Amené à cette conclusion par l'intérêt bien compris de sa petite-fille, il s'y trouvait d'autre part maintenu par des considérations d'un ordre tout différent, puisqu'elles s'appliquaient à Richard de Gardilane, et qui avaient à ses yeux une importance considérable.
Ce qu'il éprouvait pour le capitaine, c'était plus que de la sympathie, c'était de l'amitié et de l'estime; il aimait son caractère ferme, sa nature droite, son esprit ouvert; il l'estimait pour ce qu'il avait appris de lui et pour ce qu'il en voyait chaque jour; il lui reconnaissait de la politesse et de la distinction; il le trouvait beau garçon, d'une beauté virile; pour la naissance, il le savait le descendant d'une famille dont la noblesse avait des preuves écrites dans l'histoire du Midi depuis plus de cinq cents ans; enfin, pour la fortune, s'il n'avait rien ou tout au moins peu de chose pour le présent, il était certain que deux héritages, qui lui appartenaient, le mettraient un jour dans une belle situation.
C'était donc un homme dont il pouvait faire son gendre, en qui il avait toute confiance, et près duquel il serait heureux de vivre.

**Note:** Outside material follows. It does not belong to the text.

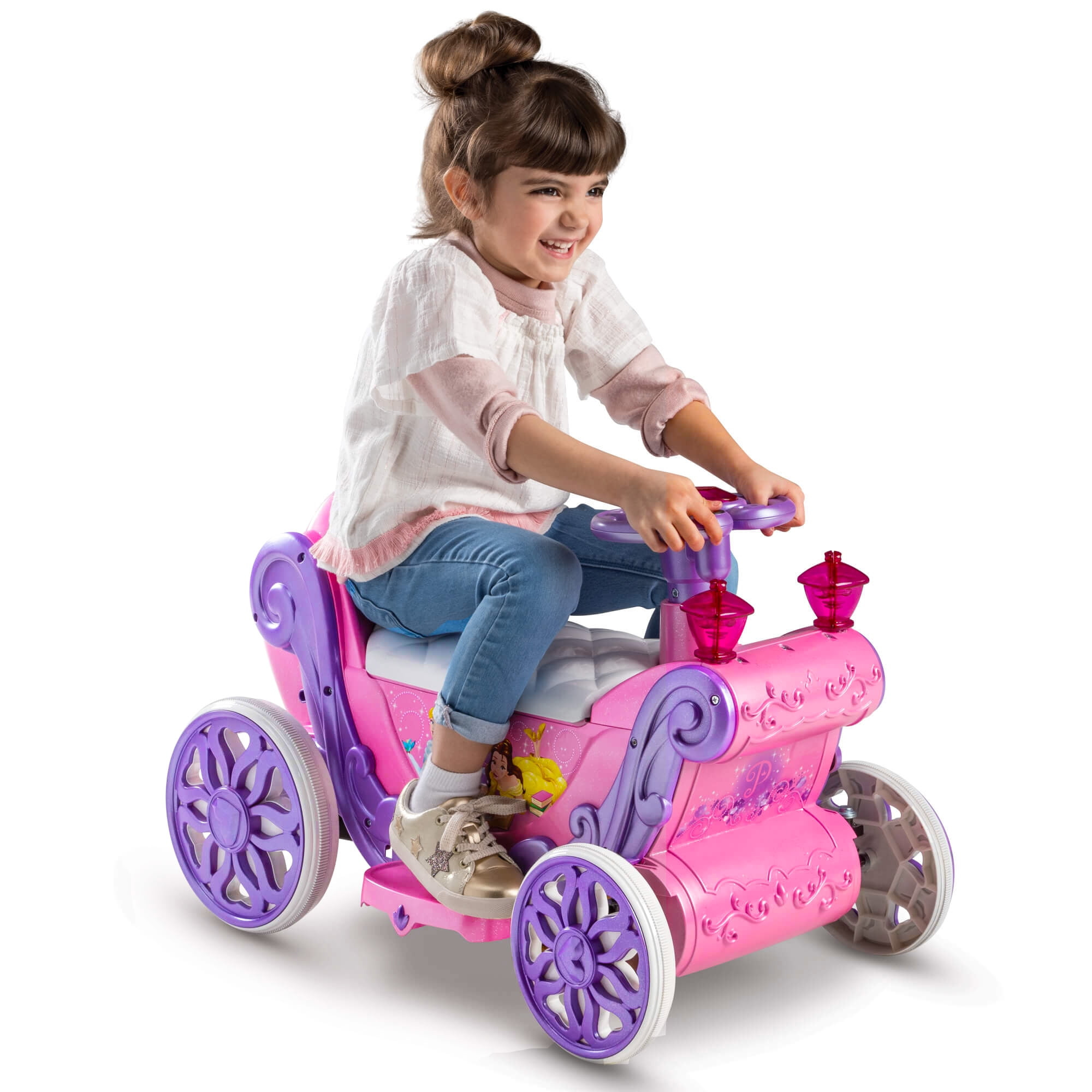 Battery Powered Car Kids Ride On Toy 6V Electric Quad Disney Princess Vehicle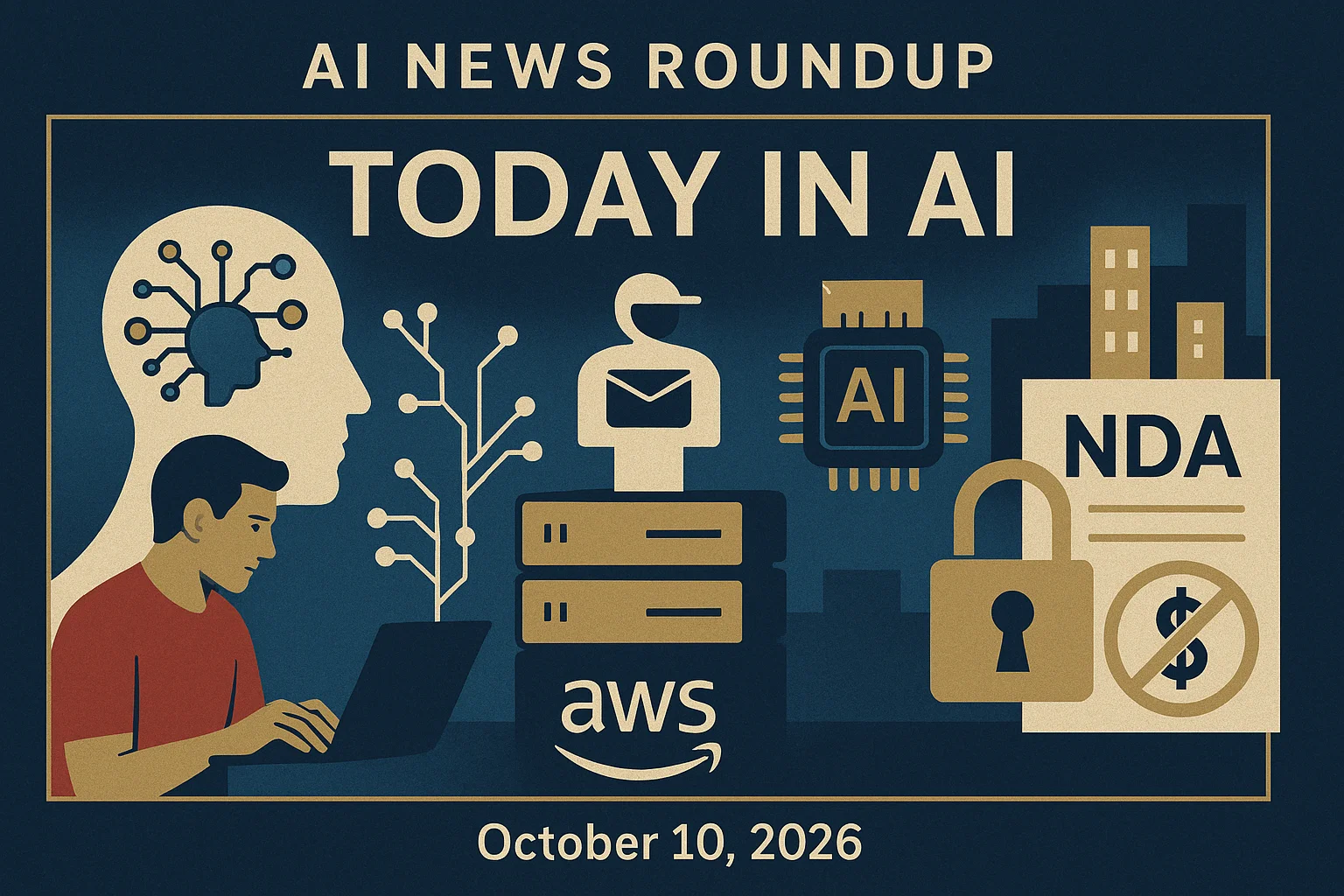 At-a-glance illustrated summary for AI News Roundup for October 10, 2026: Today’s Biggest AI, Policy and Market Updates dated October 10, 2026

Mais, malgré ces qualités réelles et solides qu'il lui reconnaissait, malgré l'amitié et l'estime qui le poussaient de son côté, il avait contre lui un grief qui, pour être unique, n'en était pas moins capital.
C'était l'irréligion, ou plus justement l'absence de religion du capitaine.
Pour lui, c'était un article de foi,—son gendre devait être catholique.
Mais de plus c'était une exigence de son amour paternel: s'il donnait sa fille en cette vie, il voulait avoir la certitude d'être réuni à elle au-delà de la mort.
Or, il ne paraissait pas que le capitaine pût être ce gendre.
Quelles étaient au juste ses croyances? le comte l'ignorait, car ils n'avaient jamais eu d'explication précise à ce sujet; mais il était bien certain néanmoins que le capitaine n'avait pas la foi; jamais, il est vrai, il ne lui était échappé une plaisanterie contre la religion des autres, mais jamais non plus il n'avait dit un mot montrant qu'il était chrétien; son état paraissait être l'indifférence, une indifférence absolue.